**Problem statement**
Could you give again exactly, and only, the lines from the one holding "Malina Solenza One" through the end of the data, both ends included, with pictures left out?

**Raw data**
• • •
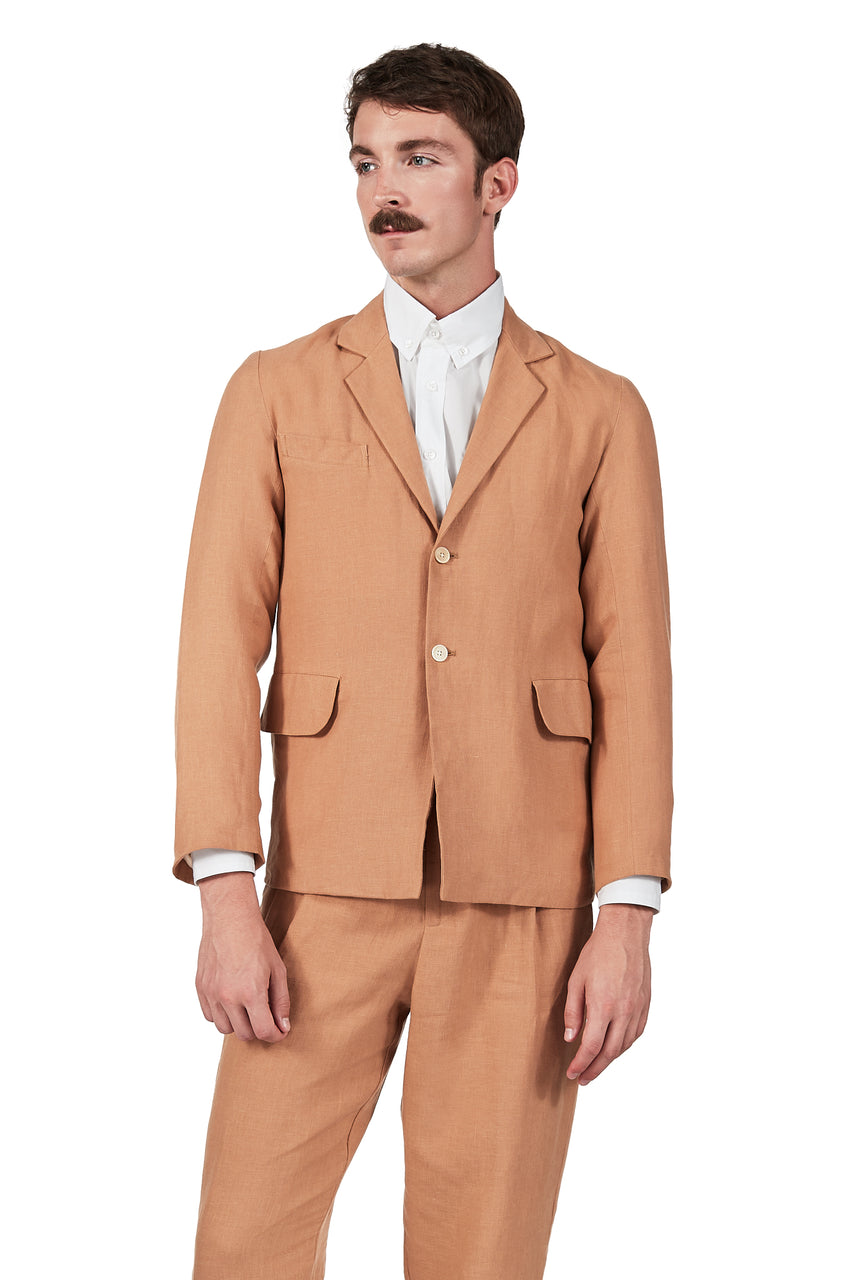 Long Lined Blazer in Toast Linen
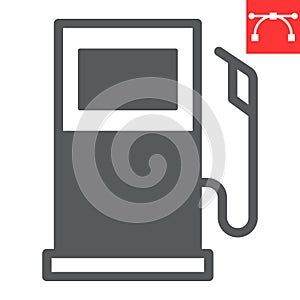 Gas station glyph icon, fuel and gasoline, petrol pump vector icon, vector graphics, editable stroke solid sign, eps 10.
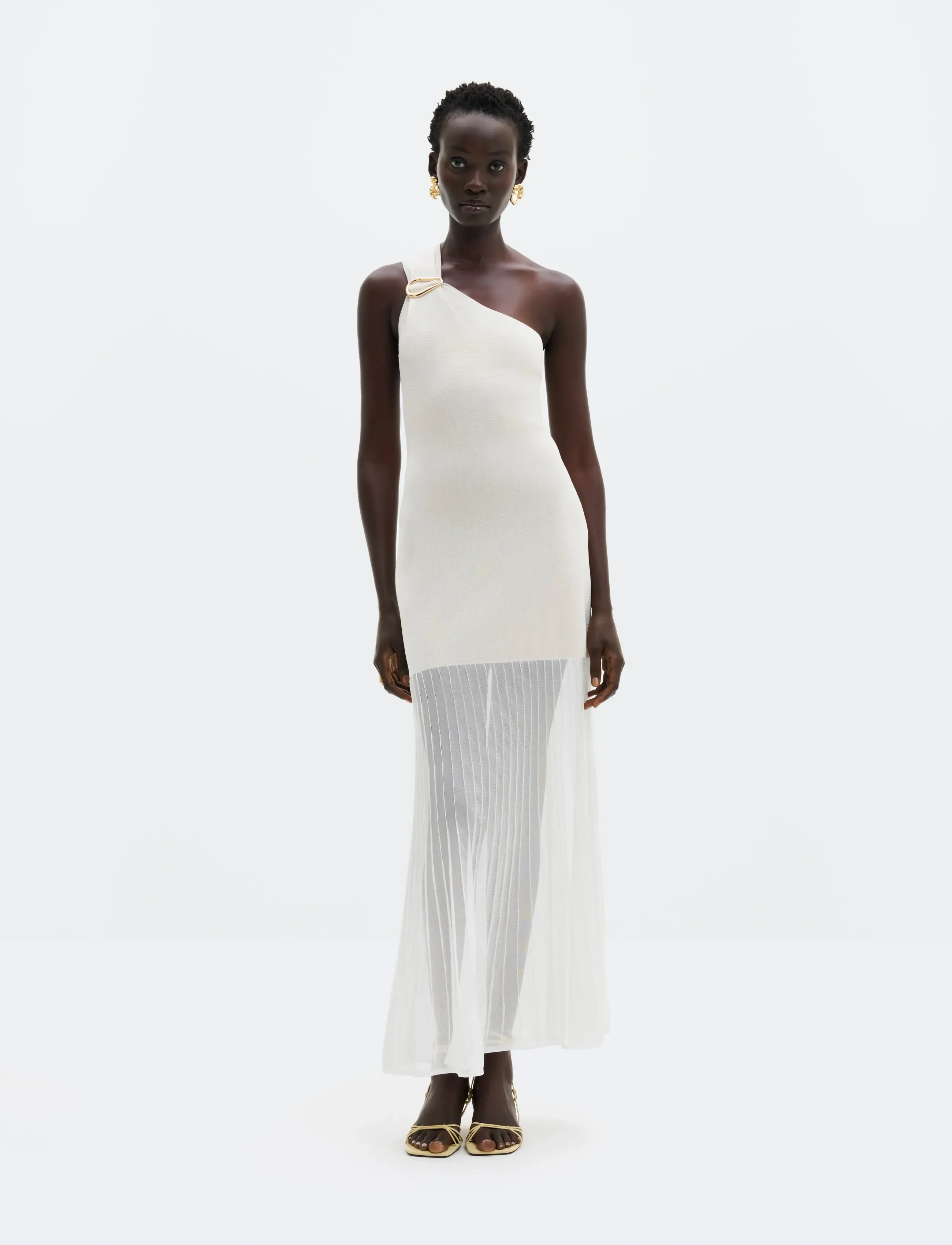 Malina Solenza One Shoulder Sheer Knitted Maxi Dress, L, Dresses, Creme - Frauen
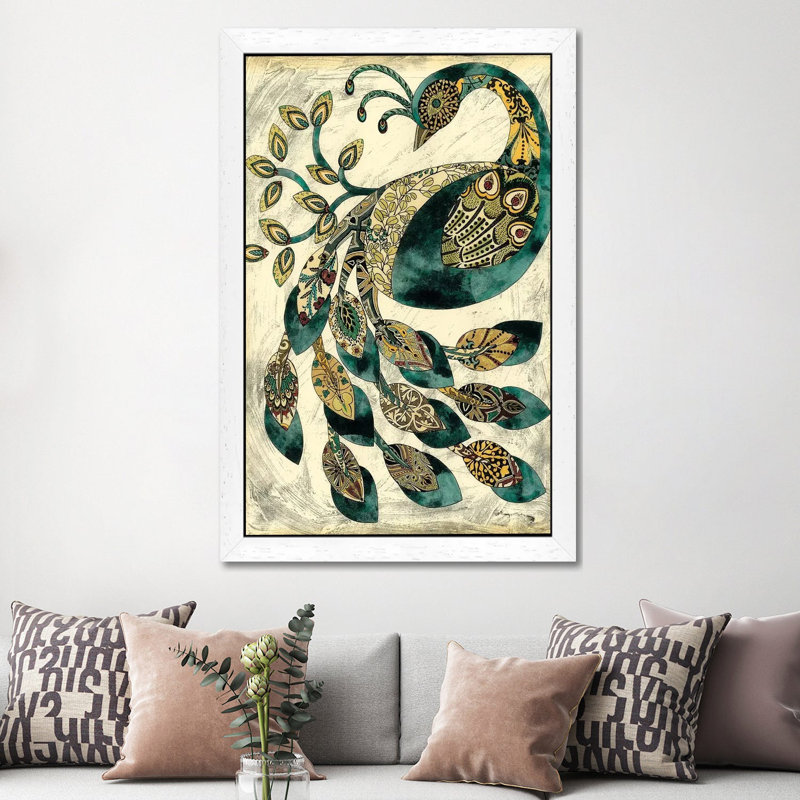 Royal Peacock II 1 Piece Painting on Canvas, 152.5 cm H x 101.5 cm W, White Framed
• • •
**Written answer**
 Malina Solenza One Shoulder Sheer Knitted Maxi Dress, L, Dresses, Creme - Frauen
 Royal Peacock II 1 Piece Painting on Canvas, 152.5 cm H x 101.5 cm W, White Framed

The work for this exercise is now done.